Short descriptive text snippets

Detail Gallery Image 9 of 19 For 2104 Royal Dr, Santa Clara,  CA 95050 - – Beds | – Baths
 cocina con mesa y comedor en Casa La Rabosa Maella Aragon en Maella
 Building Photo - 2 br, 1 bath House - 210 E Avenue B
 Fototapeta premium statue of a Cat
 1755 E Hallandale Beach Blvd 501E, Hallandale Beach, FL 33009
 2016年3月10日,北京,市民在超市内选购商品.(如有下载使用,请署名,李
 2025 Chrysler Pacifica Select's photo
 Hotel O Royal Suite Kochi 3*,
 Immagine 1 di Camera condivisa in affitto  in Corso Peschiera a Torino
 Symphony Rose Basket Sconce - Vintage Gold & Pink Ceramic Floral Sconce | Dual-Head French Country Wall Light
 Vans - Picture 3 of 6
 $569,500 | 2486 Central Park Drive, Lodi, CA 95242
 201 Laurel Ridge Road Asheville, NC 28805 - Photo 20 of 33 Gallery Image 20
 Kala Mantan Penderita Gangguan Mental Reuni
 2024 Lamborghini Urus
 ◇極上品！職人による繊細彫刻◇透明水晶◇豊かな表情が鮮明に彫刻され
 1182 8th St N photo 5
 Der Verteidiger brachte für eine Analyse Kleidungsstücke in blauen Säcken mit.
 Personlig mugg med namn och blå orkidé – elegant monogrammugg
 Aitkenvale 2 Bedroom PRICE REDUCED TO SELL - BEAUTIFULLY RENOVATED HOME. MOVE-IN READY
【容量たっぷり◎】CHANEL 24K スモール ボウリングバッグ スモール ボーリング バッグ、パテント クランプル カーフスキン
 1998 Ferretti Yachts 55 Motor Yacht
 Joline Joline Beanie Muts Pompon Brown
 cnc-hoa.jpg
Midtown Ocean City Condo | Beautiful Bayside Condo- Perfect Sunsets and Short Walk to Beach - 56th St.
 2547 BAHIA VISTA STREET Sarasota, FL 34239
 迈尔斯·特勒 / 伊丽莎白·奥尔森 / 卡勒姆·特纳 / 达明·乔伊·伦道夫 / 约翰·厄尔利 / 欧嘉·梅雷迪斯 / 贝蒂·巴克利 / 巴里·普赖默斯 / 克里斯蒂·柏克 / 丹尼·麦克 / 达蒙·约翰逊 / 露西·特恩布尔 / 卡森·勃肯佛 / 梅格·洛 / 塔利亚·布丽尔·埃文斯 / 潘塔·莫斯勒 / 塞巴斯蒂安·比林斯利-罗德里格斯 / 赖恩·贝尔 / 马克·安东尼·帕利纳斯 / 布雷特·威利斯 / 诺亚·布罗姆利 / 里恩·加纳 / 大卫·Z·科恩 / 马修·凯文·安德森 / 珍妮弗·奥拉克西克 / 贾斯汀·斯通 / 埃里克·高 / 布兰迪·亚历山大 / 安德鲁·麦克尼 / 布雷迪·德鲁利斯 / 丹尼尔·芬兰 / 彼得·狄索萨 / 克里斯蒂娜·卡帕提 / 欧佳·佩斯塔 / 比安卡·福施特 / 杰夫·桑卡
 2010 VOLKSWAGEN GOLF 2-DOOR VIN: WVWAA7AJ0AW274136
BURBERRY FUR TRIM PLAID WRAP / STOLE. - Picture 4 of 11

=== PROBLEM TO WORK ON ===
Show the lines of the records above that mention "Royal".

=== RESULT OF THIS EXERCISE ===
Detail Gallery Image 9 of 19 For 2104 Royal Dr, Santa Clara,  CA 95050 - – Beds | – Baths
 Hotel O Royal Suite Kochi 3*,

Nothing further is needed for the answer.